**Aim of the task**
Write out the lines of the records from the one containing "COACH 蔻驰 奢侈品 欧美时尚女士手提包卡其拼色樱桃款PVC卡包手拎包" to the very last, keeping each exactly as it is.

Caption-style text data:
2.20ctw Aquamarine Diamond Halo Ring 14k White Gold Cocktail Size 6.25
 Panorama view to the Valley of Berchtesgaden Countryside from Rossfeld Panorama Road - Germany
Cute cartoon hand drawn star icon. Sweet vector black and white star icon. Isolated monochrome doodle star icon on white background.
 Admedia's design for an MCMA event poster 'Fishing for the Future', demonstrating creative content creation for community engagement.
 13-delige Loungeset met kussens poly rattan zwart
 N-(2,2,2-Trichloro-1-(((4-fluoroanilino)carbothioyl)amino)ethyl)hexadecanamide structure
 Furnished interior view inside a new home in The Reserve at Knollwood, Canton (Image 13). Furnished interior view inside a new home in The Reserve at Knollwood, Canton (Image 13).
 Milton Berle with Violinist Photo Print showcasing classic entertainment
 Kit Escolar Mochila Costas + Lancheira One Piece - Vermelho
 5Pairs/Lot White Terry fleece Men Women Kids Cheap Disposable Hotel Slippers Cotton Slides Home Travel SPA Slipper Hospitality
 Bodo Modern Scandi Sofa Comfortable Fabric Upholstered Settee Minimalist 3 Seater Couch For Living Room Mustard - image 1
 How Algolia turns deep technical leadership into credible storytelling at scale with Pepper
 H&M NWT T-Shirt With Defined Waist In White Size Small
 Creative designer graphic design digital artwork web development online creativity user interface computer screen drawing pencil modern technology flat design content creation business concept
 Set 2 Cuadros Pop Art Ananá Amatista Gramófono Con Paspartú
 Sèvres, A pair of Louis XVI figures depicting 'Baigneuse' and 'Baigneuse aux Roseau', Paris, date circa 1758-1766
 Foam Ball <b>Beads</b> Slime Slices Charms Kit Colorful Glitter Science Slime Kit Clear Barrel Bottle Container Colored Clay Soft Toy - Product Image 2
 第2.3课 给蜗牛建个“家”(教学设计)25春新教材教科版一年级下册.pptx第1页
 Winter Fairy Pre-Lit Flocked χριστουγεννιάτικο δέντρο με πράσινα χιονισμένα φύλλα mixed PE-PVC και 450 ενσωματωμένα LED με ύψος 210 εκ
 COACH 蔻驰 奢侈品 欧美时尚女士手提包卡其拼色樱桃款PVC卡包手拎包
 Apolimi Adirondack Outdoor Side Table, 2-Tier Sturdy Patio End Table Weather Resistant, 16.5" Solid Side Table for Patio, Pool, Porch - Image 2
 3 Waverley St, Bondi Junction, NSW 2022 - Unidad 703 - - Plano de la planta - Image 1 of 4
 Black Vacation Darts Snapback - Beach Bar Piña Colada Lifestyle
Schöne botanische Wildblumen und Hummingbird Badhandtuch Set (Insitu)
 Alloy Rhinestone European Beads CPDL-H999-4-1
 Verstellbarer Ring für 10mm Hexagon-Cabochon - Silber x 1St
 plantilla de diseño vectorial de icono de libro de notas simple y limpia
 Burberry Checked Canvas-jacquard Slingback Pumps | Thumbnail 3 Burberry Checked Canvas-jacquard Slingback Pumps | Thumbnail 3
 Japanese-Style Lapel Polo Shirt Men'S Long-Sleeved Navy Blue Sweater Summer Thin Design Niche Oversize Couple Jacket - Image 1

**Written response**
 COACH 蔻驰 奢侈品 欧美时尚女士手提包卡其拼色樱桃款PVC卡包手拎包
 Apolimi Adirondack Outdoor Side Table, 2-Tier Sturdy Patio End Table Weather Resistant, 16.5" Solid Side Table for Patio, Pool, Porch - Image 2
 3 Waverley St, Bondi Junction, NSW 2022 - Unidad 703 - - Plano de la planta - Image 1 of 4
 Black Vacation Darts Snapback - Beach Bar Piña Colada Lifestyle
Schöne botanische Wildblumen und Hummingbird Badhandtuch Set (Insitu)
 Alloy Rhinestone European Beads CPDL-H999-4-1
 Verstellbarer Ring für 10mm Hexagon-Cabochon - Silber x 1St
 plantilla de diseño vectorial de icono de libro de notas simple y limpia
 Burberry Checked Canvas-jacquard Slingback Pumps | Thumbnail 3 Burberry Checked Canvas-jacquard Slingback Pumps | Thumbnail 3
 Japanese-Style Lapel Polo Shirt Men'S Long-Sleeved Navy Blue Sweater Summer Thin Design Niche Oversize Couple Jacket - Image 1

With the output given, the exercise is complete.